Example: ssh-keygen -t ed25519
This key pair is being generated from the computer that already has SSH access to the server, not the new one, right?
And when you say "target machine" do you mean the server, the computer that currently has access to it or the machine I'm trying to give access?
@Blort @kint generate the key on the new device, then copy the public part to the existing device that can ssh to the server. Eg WhatsApp it to yourself, save it in google keep/Apple notes, send an email, etc. The public part can be sent fairly insecurely - just do a visual check on both machines to make sure it hasn’t been changed, is all.
Then ‘ssh-copy-id -f -i the_new_key.pub user@server’

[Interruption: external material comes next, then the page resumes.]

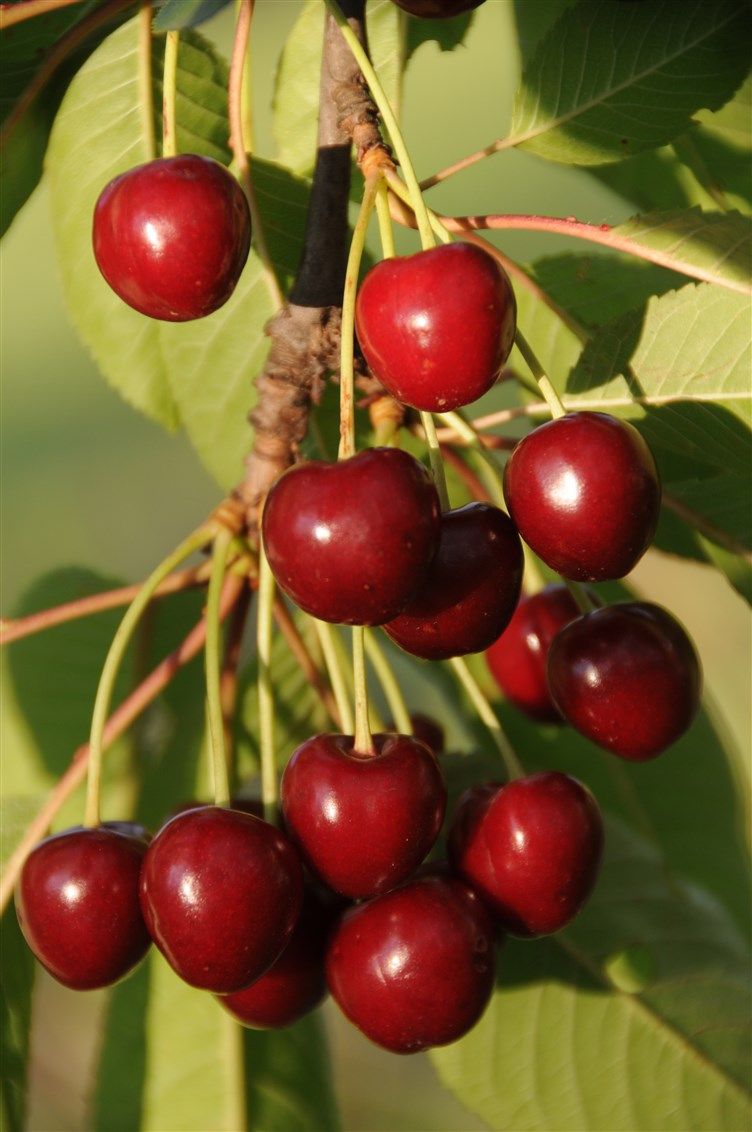 11-garten-kirschen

The -f is required because you don’t have the corresponding private key, and copy-id checks for it by default.
so I:
1. generated a new key pair from the new client
2. Copied the .pub file from the new client to my ~/.ssh folder on the client that can currently log in
3. did ssh-copy-id -f -i ~/.ssh/mykey.pub serveruser@server.tld
4. Put in my passphrase
CLI says 1 key successfully installed, but when logging in from new client it says permission denied without even asking for my keyphrase.
Did I miss something obvious?
You don't drop the public key into the .ssh/ folder directly, you must add its contents to the existing .ssh/authorized_keys file.
@kint @Blort "on the client that can currently log in" is the critical part. Not on the server.
It looks to me like they have done all the right things, only question now is if the client is properly set up to actually use the key to auth to the server.
Not asking for the key to be unlocked when trying to connect to the server suggests that the ssh client is not even trying to use the key. I'd check that aspect of the client configuration, and if possible, try to enable debug logging to really see what is going on.